=== What the task asks ===
Beginning with the line that contains "26746 Oakmont Drive, Lake", restate each line below through the final one exactly, and exclude the pictures.

=== Material provided ===
——————

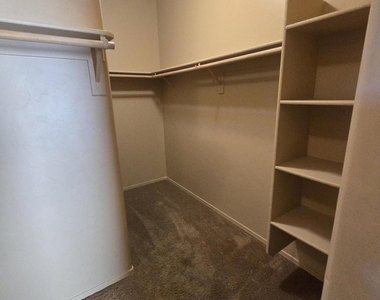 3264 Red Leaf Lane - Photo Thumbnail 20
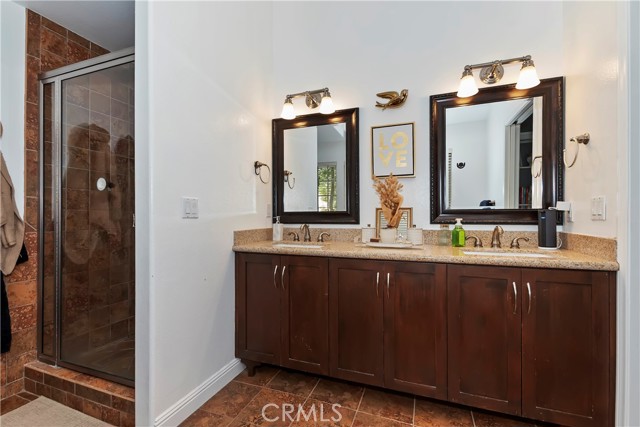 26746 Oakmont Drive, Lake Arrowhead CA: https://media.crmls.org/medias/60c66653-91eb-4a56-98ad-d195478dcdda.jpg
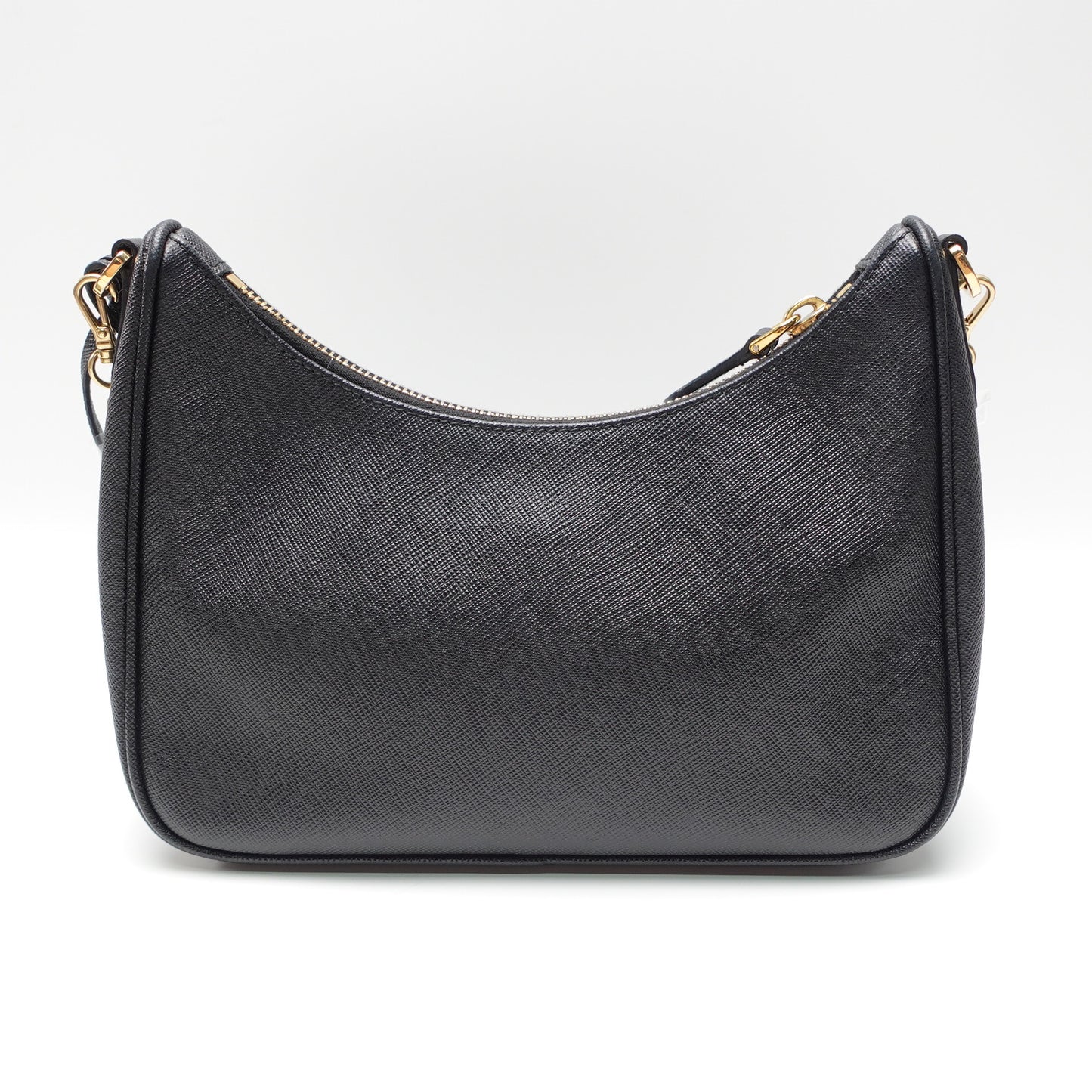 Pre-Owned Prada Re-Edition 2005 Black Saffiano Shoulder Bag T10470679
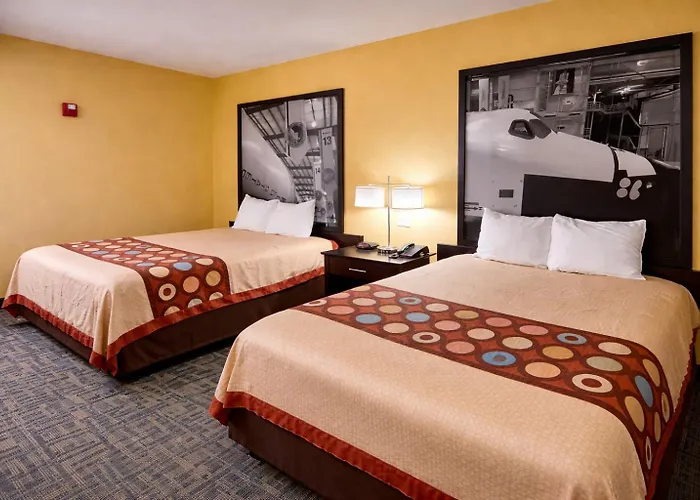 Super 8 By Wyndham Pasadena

——————

=== Response below ===
 26746 Oakmont Drive, Lake Arrowhead CA: https://media.crmls.org/medias/60c66653-91eb-4a56-98ad-d195478dcdda.jpg
 Pre-Owned Prada Re-Edition 2005 Black Saffiano Shoulder Bag T10470679
 Super 8 By Wyndham Pasadena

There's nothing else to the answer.